The list of companies that will be included and is making the rounds of investors and brokerage firms in Hong Kong includes Alibaba, Baidu, JD, Netease, Ctrip, 58.com, VIPShop and Qihoo 360. The change will force investors whose performance is measured against benchmarks such as the MSCI EM index to increase their holdings of these shares.

The change will also mean the entrepreneurs will have new leverage in their negotiations with backers, making the private market even more bubble-like. Ego is already playing a big role in the market as hedge funds and venture capitalists spar to take ever bigger pieces of deals - only to later syndicate them out to lower echelons of the financial food chain, taking a substantial fee in the process.

Those lower echelons include family offices and mutual fund firms such as Fidelity that are weary of waiting for initial public offerings in companies whose market debuts are constantly deferred. Banks such as JPMorgan are expanding their private markets desks to get a piece of the action. The question, of course, is whether this change will improve the quality of companies included in the indices and contribute to more stability in the market or simply feed the bubble. The amount of traffic these companies generate is impressive - the mobile internet generation is very different from the new economy bubble at the turn of the millennium.
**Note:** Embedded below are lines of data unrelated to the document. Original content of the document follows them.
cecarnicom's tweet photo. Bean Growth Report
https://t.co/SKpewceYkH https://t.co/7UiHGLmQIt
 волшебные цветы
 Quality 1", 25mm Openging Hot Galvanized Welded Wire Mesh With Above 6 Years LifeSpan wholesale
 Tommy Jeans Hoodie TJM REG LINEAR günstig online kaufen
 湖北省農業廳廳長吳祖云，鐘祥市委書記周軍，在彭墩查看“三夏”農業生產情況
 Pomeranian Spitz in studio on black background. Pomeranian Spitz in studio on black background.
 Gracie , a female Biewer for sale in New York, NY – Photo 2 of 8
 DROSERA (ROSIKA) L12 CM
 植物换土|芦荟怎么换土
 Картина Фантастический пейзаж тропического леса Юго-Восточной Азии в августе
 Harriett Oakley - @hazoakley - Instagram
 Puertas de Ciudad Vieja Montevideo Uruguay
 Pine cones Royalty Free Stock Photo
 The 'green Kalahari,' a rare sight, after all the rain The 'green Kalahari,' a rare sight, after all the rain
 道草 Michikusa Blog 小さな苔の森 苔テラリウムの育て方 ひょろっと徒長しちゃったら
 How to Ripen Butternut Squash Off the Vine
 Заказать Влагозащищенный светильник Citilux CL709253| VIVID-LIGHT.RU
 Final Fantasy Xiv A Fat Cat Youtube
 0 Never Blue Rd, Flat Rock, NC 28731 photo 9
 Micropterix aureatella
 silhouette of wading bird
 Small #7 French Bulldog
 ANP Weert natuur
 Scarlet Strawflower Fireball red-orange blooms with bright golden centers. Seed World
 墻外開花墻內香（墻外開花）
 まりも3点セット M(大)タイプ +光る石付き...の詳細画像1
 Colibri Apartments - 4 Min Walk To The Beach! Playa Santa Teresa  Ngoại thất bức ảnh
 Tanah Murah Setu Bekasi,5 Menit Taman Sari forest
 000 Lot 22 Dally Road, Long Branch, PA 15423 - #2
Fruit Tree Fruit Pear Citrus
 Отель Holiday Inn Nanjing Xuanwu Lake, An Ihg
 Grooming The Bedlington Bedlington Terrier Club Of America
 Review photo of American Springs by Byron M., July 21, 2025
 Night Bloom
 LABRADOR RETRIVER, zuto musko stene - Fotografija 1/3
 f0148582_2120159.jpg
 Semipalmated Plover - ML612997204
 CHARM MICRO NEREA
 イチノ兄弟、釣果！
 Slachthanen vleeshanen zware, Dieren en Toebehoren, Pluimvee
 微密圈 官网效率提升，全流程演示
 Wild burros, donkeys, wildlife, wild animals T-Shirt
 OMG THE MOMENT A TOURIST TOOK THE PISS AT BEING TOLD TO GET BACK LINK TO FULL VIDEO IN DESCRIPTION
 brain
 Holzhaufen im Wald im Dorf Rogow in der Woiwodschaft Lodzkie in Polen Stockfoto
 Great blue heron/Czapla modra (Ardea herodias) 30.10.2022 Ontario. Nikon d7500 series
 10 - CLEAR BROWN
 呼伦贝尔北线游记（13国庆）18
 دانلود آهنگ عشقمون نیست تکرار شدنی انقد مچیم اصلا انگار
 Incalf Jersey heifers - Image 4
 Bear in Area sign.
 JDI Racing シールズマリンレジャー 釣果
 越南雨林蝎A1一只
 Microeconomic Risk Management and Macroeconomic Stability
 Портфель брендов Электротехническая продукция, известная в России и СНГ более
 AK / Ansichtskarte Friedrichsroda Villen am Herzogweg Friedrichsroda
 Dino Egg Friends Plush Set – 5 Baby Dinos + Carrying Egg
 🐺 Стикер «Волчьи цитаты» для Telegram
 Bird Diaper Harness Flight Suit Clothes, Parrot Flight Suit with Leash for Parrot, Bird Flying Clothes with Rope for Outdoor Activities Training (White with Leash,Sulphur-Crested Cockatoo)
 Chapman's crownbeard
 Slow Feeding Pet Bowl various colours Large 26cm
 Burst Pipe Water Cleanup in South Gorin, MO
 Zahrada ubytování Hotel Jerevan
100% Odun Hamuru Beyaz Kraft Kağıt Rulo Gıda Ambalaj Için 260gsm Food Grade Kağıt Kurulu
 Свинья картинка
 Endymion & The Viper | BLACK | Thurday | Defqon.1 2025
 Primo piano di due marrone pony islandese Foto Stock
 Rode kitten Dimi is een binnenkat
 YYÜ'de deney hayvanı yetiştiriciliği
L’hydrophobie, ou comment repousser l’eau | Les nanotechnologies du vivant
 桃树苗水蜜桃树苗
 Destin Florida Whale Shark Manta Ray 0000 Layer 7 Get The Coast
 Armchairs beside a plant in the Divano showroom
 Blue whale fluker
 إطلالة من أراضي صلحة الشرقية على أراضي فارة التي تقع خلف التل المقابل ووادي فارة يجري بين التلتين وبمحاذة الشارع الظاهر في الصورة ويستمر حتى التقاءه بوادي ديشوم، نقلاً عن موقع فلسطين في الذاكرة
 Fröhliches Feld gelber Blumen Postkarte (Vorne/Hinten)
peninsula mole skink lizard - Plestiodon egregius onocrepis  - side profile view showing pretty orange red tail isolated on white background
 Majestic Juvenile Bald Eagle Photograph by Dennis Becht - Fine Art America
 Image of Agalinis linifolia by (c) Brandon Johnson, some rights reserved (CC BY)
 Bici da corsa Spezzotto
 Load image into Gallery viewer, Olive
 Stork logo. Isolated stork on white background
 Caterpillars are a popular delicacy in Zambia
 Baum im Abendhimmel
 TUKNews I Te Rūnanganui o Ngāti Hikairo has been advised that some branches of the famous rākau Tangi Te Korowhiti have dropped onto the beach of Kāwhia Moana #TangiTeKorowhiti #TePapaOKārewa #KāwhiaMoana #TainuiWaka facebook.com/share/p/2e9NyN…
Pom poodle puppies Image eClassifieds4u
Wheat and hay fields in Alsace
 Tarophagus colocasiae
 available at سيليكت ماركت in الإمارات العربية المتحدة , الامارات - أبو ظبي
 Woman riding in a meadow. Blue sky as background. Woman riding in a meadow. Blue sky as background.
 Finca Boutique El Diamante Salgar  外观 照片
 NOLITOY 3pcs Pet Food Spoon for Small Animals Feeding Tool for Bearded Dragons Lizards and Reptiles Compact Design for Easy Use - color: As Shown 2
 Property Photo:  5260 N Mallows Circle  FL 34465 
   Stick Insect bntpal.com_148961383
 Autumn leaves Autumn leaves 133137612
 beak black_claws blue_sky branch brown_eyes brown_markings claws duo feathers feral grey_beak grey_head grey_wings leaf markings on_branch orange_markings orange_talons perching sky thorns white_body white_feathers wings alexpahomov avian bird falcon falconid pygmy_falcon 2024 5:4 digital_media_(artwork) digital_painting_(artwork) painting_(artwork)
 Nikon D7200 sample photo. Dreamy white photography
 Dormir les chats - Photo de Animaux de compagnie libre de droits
Including the higher quality tech names that are listed in the US rather than their lower quality A-share rivals is an improvement.

Yet many of these companies are burning cash and subsidising consumers in their efforts for ever more traffic. In some cases they have combined to derail a potentially larger threat, as did Didi and Kuaidi in the face of Uber's planned entry into their home market. At other times, their investors have forced them to combine, as was the case with 58.com and Ganji.com. But Ctrip and Qunar have twice discussed merging then decided against. Both recently raised more capital to finance their rivalry.

The steeper the valuation, the greater the risk - even in the private market. The dynamic is similar to that in the property market, when one bidder overpays vastly and everyone else marks their portfolio up. If there is a big correction in perception and a dramatic series of down rounds - where a later round is done at a discount to the previous one - valuations could fall dramatically.

By contrast, state-owned enterprises may not be rising stars, but at least they tend not to be shooting stars either.